Neste contexto, será igualmente importante salientar que os textos do alemão Wilhelm Heinrich Riehl já prenunciavam a crítica das justificações utilitárias, portanto antropocentristas, que estão associadas a uma visão da ecologia numa perspectiva “ambientalista” (FERRY, 1993). Este autor, dos anos 30 do século XX, reivindicava o direito das árvores e dos rochedos: “Durante séculos repetiram-nos sem cessar que era um progresso defender o direito das terras cultivadas. Mas hoje em dia o progresso está, na realidade, em reivindicar os direitos da natureza selvagem ao lado da dos campos. E não só dos terrenos arborizados, mas também das dunas de areia, dos pântanos, das charnecas, dos recifes e dos glaciares!

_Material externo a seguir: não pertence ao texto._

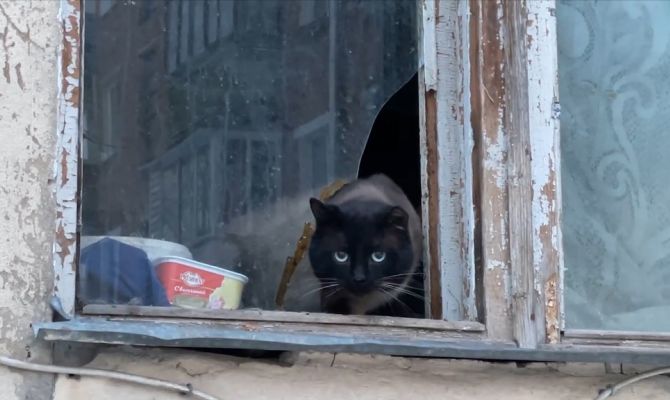 В Туле несколько кошек оказались замурованными в квартире после смерти хозяйки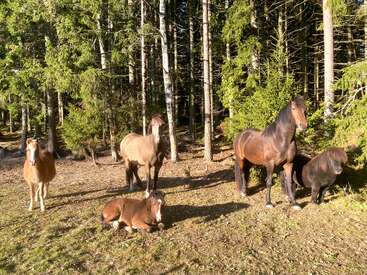 Cinq chevaux se tiennent debout et se reposent dans une clairière ensoleillée, entourés de grands arbres verts. La lumière du soleil filtre à travers les branches, projetant de douces ombres sur le sol.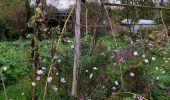 Randonnée Marche Gembloux - Promenade du bois de Grand-Leez et son étang  - Photo 7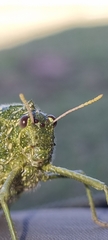 Physemacris variolosa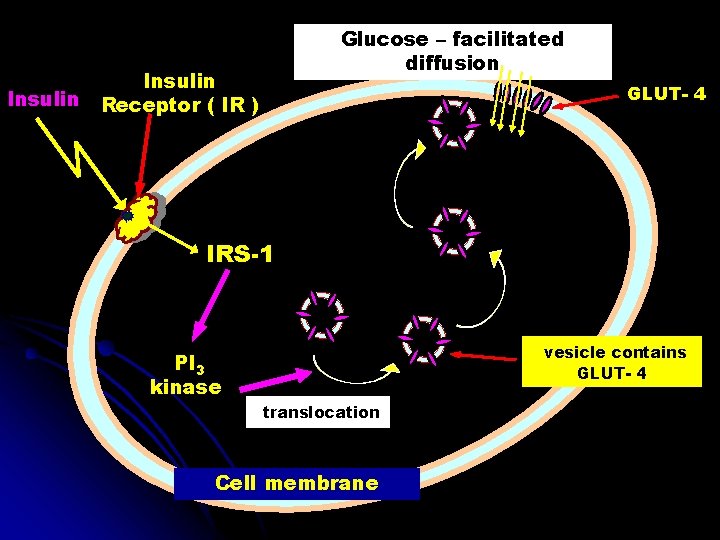 Insulin Glucose – facilitated diffusion Insulin Receptor ( IR ) GLUT- 4 IRS-1 vesicle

Para a generalidade dos homens e mulheres com um estilo de vida ocidental será simplesmente insensato tratar os animais, seres da natureza e não da liberdade, como pessoas jurídicas e, mais ainda, os seres inanimados como as paisagens, os afloramentos ou os minerais. Consideram óbvio que só os humanos sejam “dignos de um processo” jurídico. A Natureza tornou-se letra morta! Em sentido próprio: ela não nos diz nada porque deixámos há muito – pelo menos desde Descartes – de lhe atribuir uma alma e de a crer habitada por forças ocultas (FERRY, 1993). A separação do Homem e da Natureza, pela qual o humanismo moderno foi levado a atribuir apenas ao primeiro a qualidade de pessoa moral e jurídica, ou sujeito de direitos e valores, não terá sido contudo senão um longo parênteses, em vias de voltar a fechar-se. O exemplo disso serão as novas correntes de pensamento que curiosamente se aproximam dos nossos ancestrais caçadores e recolectores.
A título de exemplo, refira-se o artigo de Christopher D. Stone publicado, em 1972, na conceituada Southern California Law Review: Should trees have Standing? Toward legal rights for natural objects. As teses de “ecologia radical” do professor Stone a favor de uma Natureza titular de direitos tem um grande interesse no contexto da evolução do pensamento a que temos vindo a fazer referência. O seu primeiro argumento consiste em recordar o raciocínio, ritual nesta literatura dita “ecologista”, segundo o qual o tempo dos direitos da Natureza teria chegado, após o das crianças, das mulheres, dos negros, dos índios ou até mesmo dos embriões. Em suma, trata-se de sugerir que o que parecia “impensável” numa época, em tantos aspectos próxima da nossa, e que se tornou numa evidência hoje em dia. Só é pena o professor Stone se ter esquecido dos elementos geológicos!
O debate sobre o direito das árvores ou dos rochedos, para além da sua aparente estranheza, trata-se de saber se o Homem é o único sujeito de direito e detentor de valores, ou se, pelo contrário, aquilo que hoje se chama a “biosfera”, a “geosfera” ou a “ecosfera”, e que outrora se designava por “cosmos”, também é passível detentor de direitos e valores intrínsecos. O homem não seria neste caso, sob qualquer ponto de vista – ético, jurídico ou ontológico –, senão mais um elemento entre outros no seio da Natureza (FERRY, 1993).
É esta visão do mundo – ecocêntrica – ainda de certo modo inédita que Bill Devall, na sequência do filósofo norueguês Arne Naess, se propõe designar por deep ecology (ecologia profunda). Segundo uma terminologia já clássica nas universidades americanas, deve-se opor a “ecologia profunda” (deeep ecology), “ecocêntrica” ou “biocêntrica”, à “ecologia superficial” (shallow ecology), ou “ambientalista”, fundada no velho antropocentrismo.
O reconhecimento ético dos seres inanimados tende a tornar-se o critério do sucesso ou do insucesso de uma tal desconstrução da modernidade, como sugere Roberick Nash (in FERRY, 1993), outro teórico do movimento deep ecology:

Os rochedos têm direitos? Se chegar o dia em que esta questão não mais se apresente como ridícula para um grande número de nós, estaremos então na via de uma mudança de sistema de valores que tornará, porventura, possíveis medidas susceptíveis de pôr termo à crise ecológica. Esperemos que ainda se esteja a tempo.